There was one quite famous scene when Henry Kissinger is in the show, and we're doing the Carousel Ball, and we were actually shooting it in Denver, and the director said, "Well, just say something to Henry as he walks past."
And so, I was thinking, what can I say?
What would Alexis say?
And I said, "Henry, darling, I haven't seen you since we last met in Portofino."
And Henry was somewhat-- "Oh, really?"
(bright music) -Henry, hello!
-Hello, Alexis, -good to see you.
-It's good to see you.
I haven't seen you since Portofino.
It was fun.
(Ryan Seacrest) While Dynasty focused on the super rich and powerful... (wistful music) ...Knots Landing got bigger ratings by telling stories of more typical families.
At the center was Michele Lee's character Karen.
A woman who reflected the dreams and aspirations of middle-class America.
And was happy with it.
(Ryan Seacrest) The Karen character was a unique reflection of American culture, for 14 years, an everywoman who verbalized the questions all Americans were thinking.
What she was saying was what the audience, what the middle-class audience was thinking.
I don't wanna look at the world through rose-colored glasses.
I want the world to be rose colored!
I want people to be nice.
We talked about what was happening, that was enormous, and people hadn't voiced it yet on television.
People should be nice.
Nice should be the norm.
I hate it that I can't trust anyone.
I hate it that I can't put my daughter on the front lawn by herself.
I hate it that I have to lock my car and I have to worry about an alarm system in my house and I can't send cash in the mail.
That's not the way it's supposed to be, Gary.
I liked being a Pollyanna.
I want to be a Pollyanna.
She talked about the inability of her middle-class America, putting her child and allowing her child to play out on the front lawn.
Can't do it anymore.
Can't send checks in the mail.
Have to have alarms on my car.
"People should be nice," she says.
"Why aren't people just nice?"
(Valene) Not that you need any special... (Ryan Seacrest) Karen's best friend on Knots Landing was Valene, played by Joan Van Ark.
You know, whenever Gary and me talk about the way we'd like to be, it's always you and Sid.
You know, solid.
I think Valene, um, started a particular way.
A little more vulnerable, a little with the braids and the gloves.
It's just that sometimes, I feel like such a dunce around here.
I mean, Karen's got a college education, and... and so's Ginger.
I mean, even Laura's had some college.
I got no education at all to speak of.
(Ryan Seacrest) Over time, Valene grew.
The producers even asked Van Ark to drop the character's accent.
I liked that about her, 'cause that kept her with a fingerprint that was her own, you know?
So I would've stayed with the accent and made it slighter but still always just a little bit there.
'Cause once you're in the South, unless you move to London, you're gonna keep, you know, talkin' with a little bit of a twang, a little sloppy there.

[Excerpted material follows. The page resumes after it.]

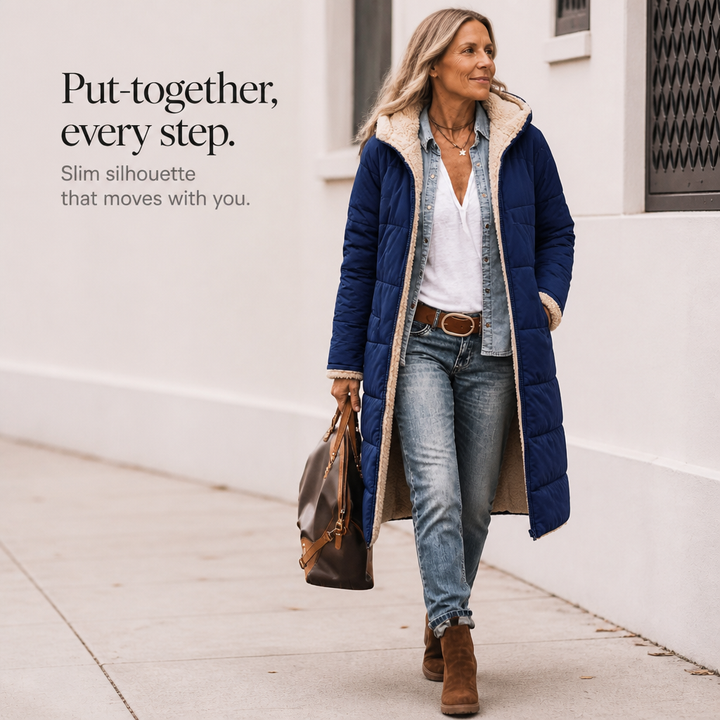 Veluna – Reversible Quilted Sherpa-Look Winter Coat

(Ryan Seacrest) By the sixth season, Valene had developed a multiple personality disorder.
The transition from personality to personality was an opportunity for Van Ark to showcase her acting skills.
What did you do?
What did you do?!
What... (liquid spills) What... You...dirty, filthy... tramp.
-You... -The way to go into this new character, which was gonna be Verna Ellers in Tennessee as a waitress would be for me to wash my face at the sink in the bathroom and completely wash everything off and start all over again.

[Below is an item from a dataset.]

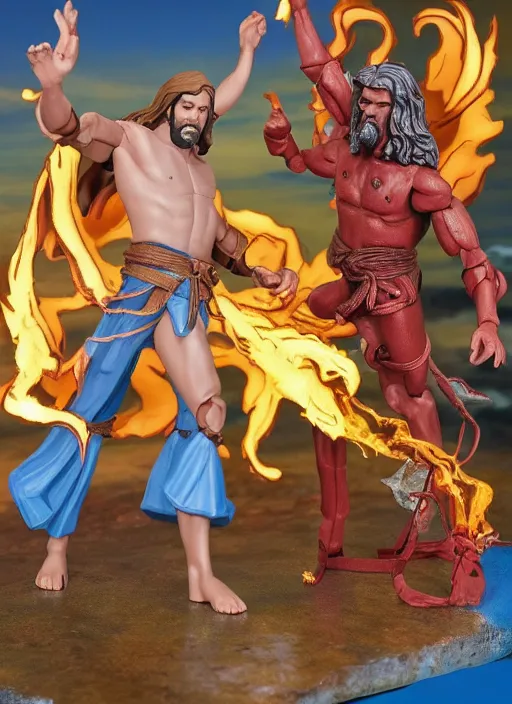 Image similar to Jesus vs the Devil in the flying sandals of salvation action figures toy pack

(eerie music) (muttering) ♪ I go in the bathroom, look in the mirror, turn on the water, wash my whole face, soapy, soapy, soapy, rinse it, and put a whole new makeup on and become this other character.
"Hello, hi."
And I was just talking into the mirror, and that's the scene I'm the most proud of to this day.
Know what I think, Verna?
I think that you owe it to yourself to go on a shopping spree.

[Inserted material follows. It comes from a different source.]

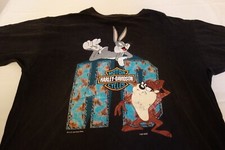 Harley T Shirt XL Single Sided HD Taz Bugs Bunny 1993 Single Stitch Fun Wear
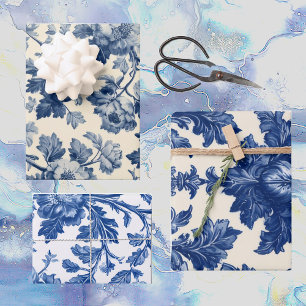 Luxurious French Toile Dreamy Blue Engraved Floral Wrapping Paper Sheets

Buy yourself some pretty new dresses.
Because you are goin' home.
(Ryan Seacrest) If Knots Landing appealed to a female demographic, Dallas skewed the other direction, with two strong male characters at the center played by Patrick Duffy and Larry Hagman.
Just think lovely, wonderful thoughts... and up you go!
(Ryan Seacrest) Show business was part of Larry Hagman's life from an early age, as he watched his mother, Mary Martin, star in NBC's Peter Pan special.
(Peter Pan) ♪ Look at me way up high ♪ ♪ Suddenly here am I, I'm flyin' ♪♪ (Ryan Seacrest) Inspired by his mother's success, Larry Hagman hoped to follow her footsteps into show business.
Well, she gave me three pieces of advice.
She says, "Always hang up your costumes and know your lines and stay reasonably sober."
Well, I did two of 'em.
(twangy music) (Ryan Seacrest) When his parents divorced, Hagman moved to Texas and worked a back-breaking job digging ditches under the hot Texas sun.
His tough, unyielding boss named Jess Hall, Jr. would become the prototype for J.R. Ewing.
Jess Hall, Jr. And he was the quintessential J.R., and I just took his character and lived it.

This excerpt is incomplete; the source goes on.